僕は前にも書いたけれど、「奇妙な人」が結構気になる。この映画の主もずっと気になっていた。今週いっぱいで上映が終わるというので観に行ってしまった。
各地の有名な建築物にロープを張って、安全ネットなしで綱渡りをするフランスの大道芸人である主人公が(ドキュメンタリーなので、主人公とは言わないのかもしれないが)、まだ出来て間もないニューヨークの世界貿易センタービルの二つのタワーに綱を張って、その上を渡るまでのドキュメンタリー映画である。当時世界一の高さのビルで、411メートルもある(あった)という。

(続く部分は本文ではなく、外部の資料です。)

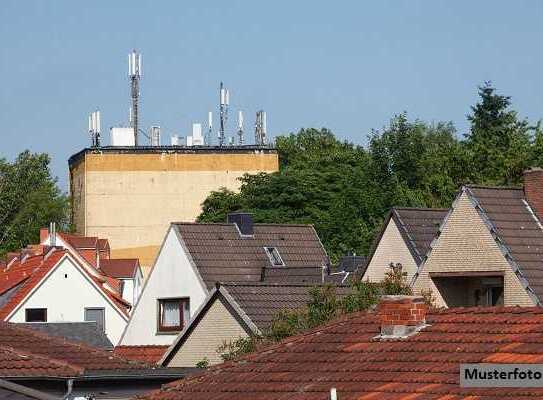 Neuwertiges Einfamilienhaus mit Garage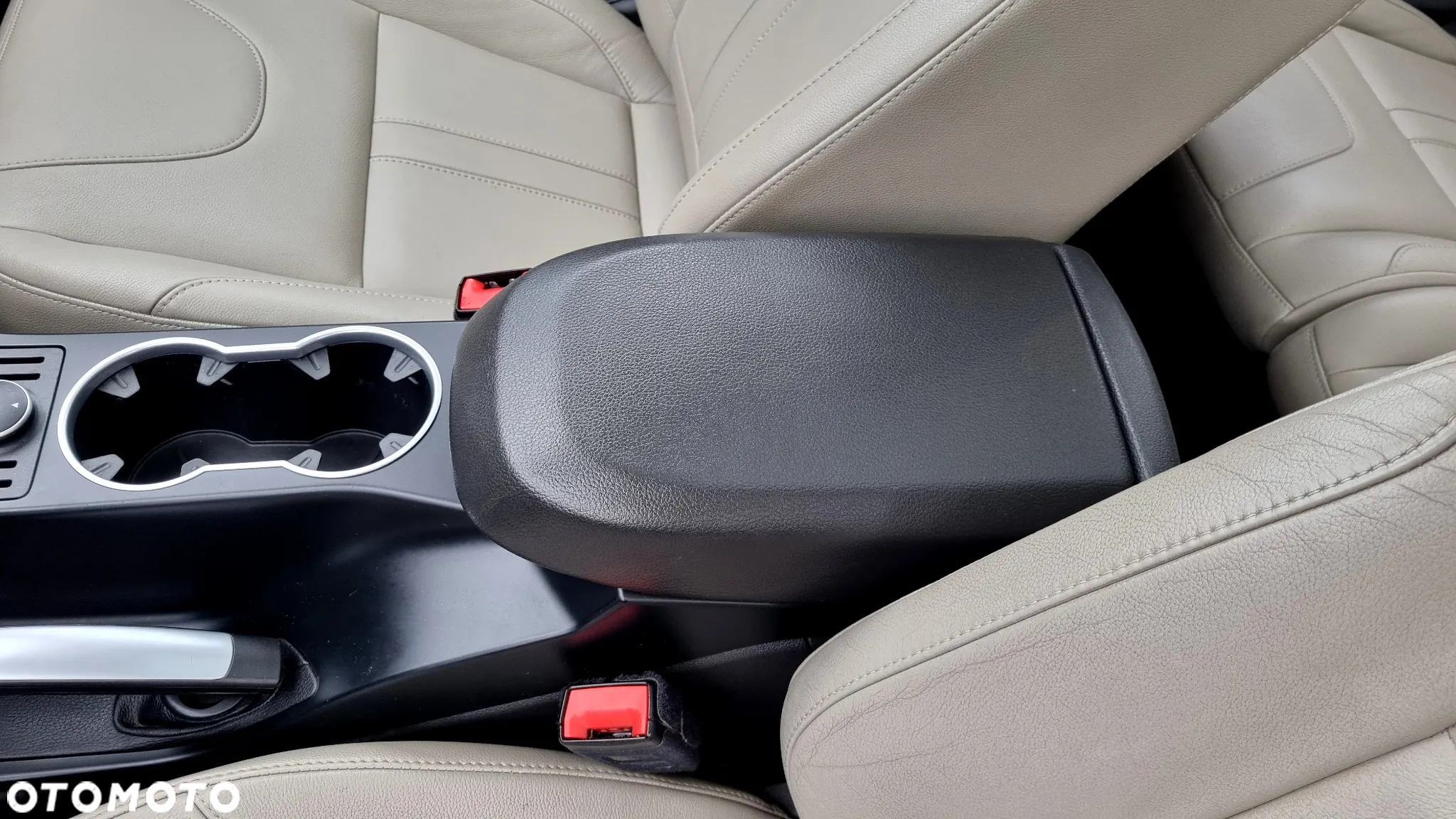 Ford Kuga 2.0 TDCi 4WD Titanium - 37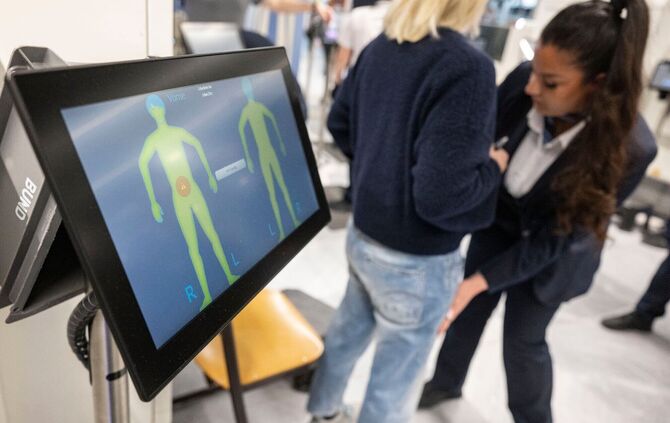 Der Flughafen Stuttgart übernimmt die Verantwortung für die Sicherheitskontrollen. (Archivbild)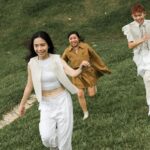 Emily Chan Instagram - 好生活·好技術·好空氣 緣分真的很奇妙 我人生第一次拍中文電視劇和 @emilyzying 合作 時隔七年 @8tvmalaysia #明星真人秀 戲裡戲外成為了「姐弟」在職場上被照顧 台灣回國後認識的第一批劇場朋友 @thiansiewkim 工作坊第一次見面就很投緣但一直沒有機會真正的合作 #明星真人秀 飾演「夫妻關係」讓我們戲裡戲外更多火花 拍完這部戲每每讓我們覺得戲裡戲外的劇情真實上演 珍惜在工作場合遇見的真朋友 謝謝 @sharp.malaysia 讓我們戲裡戲外更多相聚的時光 三天兩夜很舒服地相聚一起 📸 PHOTOGRAPHER TEAM @thesanren @mr_nd_ 👘 CLOTHED @weiweiwei_my STYLED BY EDMUND
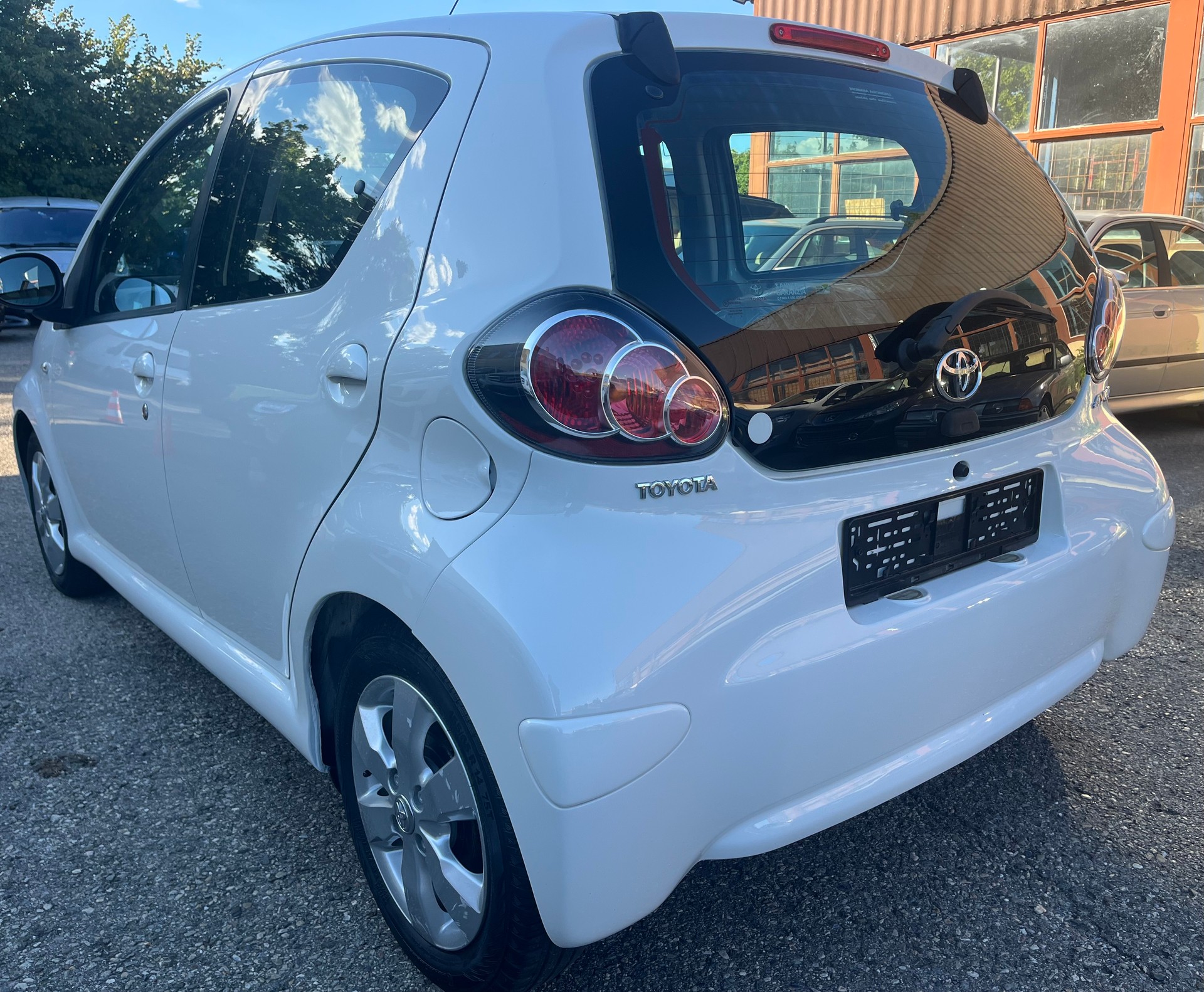 TOYOTA Aygo 1.0 VVT-i Luna Multimode-image-6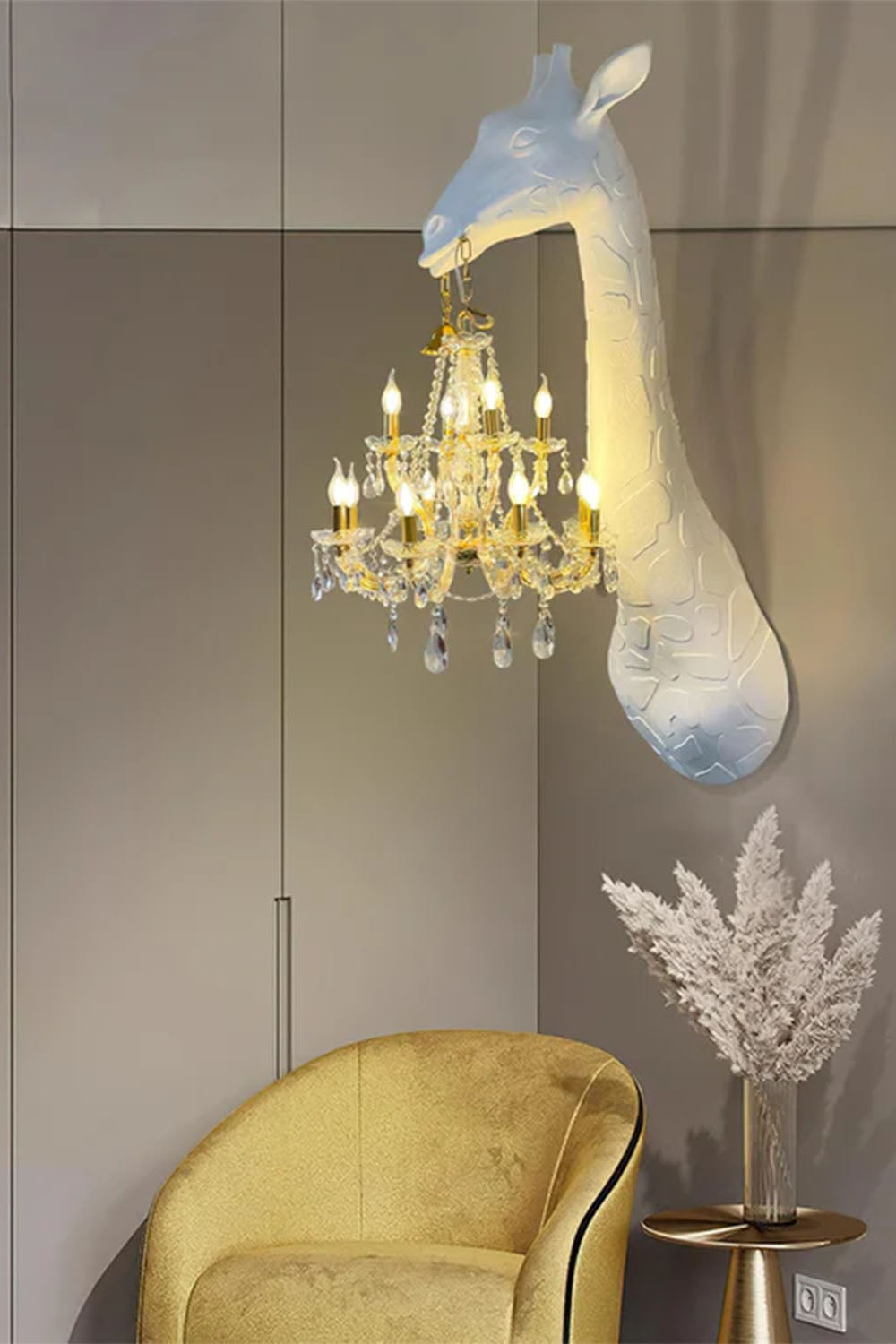 Giraffe Sculpture Wall Lamp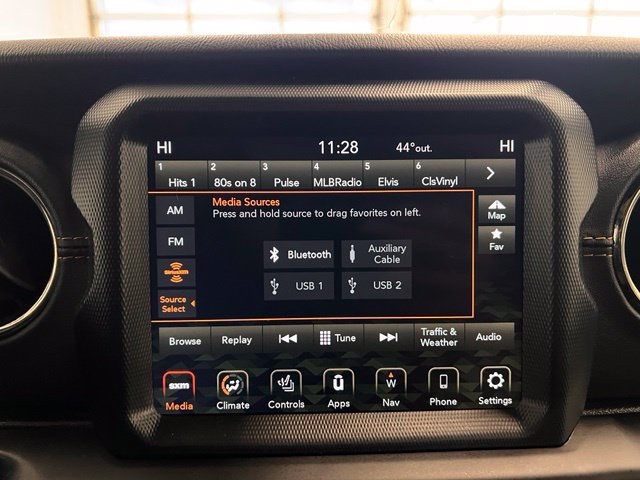Used 2021 Jeep Gladiator Overland AWD/4WD image 19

この二つのビルに誰にも気付かれないようにロープを張るというのは大変なことで、様々な協力者を得て、綿密な作戦を立てて、必要な大量の資材を他人に気づかれないように運び込む、再現ドラマと当時のフィルムや写真を使って見せられるディテールは緊迫感があり、感動できた。多くの当時の関係者の証言も、気持ちがこもっていて、胸が熱くなる場面もあった。
411メートルを下から見上げるアングルは平気だが、上から見るアングルには劇場にいながら足がすくむ。結局彼は、中央部分で座ったり寝転んだりしながら、45分間に8往復して警察に逮捕され、協力した人たちは国外追放されたという。
僕はこれまで生きてきて、「命をかける」ほどのチャレンジをしたことはない。石橋を叩いてもなかなか渡れない勇気のないタイプの人間だと思う。そんな中、命がけで何かに挑む人たちには頭が下がる。大道芸人の彼にも畏敬の念さえ抱かされる。冒険家で命を落とした人は沢山いるけれど、大道芸人の彼には冒険家のような悲壮感は見られない。楽しげにしかし次々とチャレンジする彼の生き方に、心惹かれる。
前に書いたと思うけれど、『最後の冒険家』よりもはるかに魅力的に思えてしまう。
ところで、お客はちょうど20人だった。立派な映画館に20人のお客! 8月に契約切れで閉館になるそうだ。